WORK TO BE COMPLETED: Look in the material below for the line with "A ball on the" and the line with "A grass fire", then set down exactly those two lines and all lines between, nothing more.

DATA EXCERPTS START

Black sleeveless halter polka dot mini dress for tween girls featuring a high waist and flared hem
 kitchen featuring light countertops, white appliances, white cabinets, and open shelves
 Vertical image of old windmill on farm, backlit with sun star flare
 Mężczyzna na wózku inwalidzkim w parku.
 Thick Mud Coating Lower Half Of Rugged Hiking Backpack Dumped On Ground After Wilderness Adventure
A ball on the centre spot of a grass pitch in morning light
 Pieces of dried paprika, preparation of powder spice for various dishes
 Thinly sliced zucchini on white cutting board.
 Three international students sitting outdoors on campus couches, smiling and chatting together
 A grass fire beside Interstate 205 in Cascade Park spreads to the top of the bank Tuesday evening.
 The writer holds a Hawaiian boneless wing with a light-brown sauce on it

DATA EXCERPTS END

TASK RESULT:
A ball on the centre spot of a grass pitch in morning light
 Pieces of dried paprika, preparation of powder spice for various dishes
 Thinly sliced zucchini on white cutting board.
 Three international students sitting outdoors on campus couches, smiling and chatting together
 A grass fire beside Interstate 205 in Cascade Park spreads to the top of the bank Tuesday evening.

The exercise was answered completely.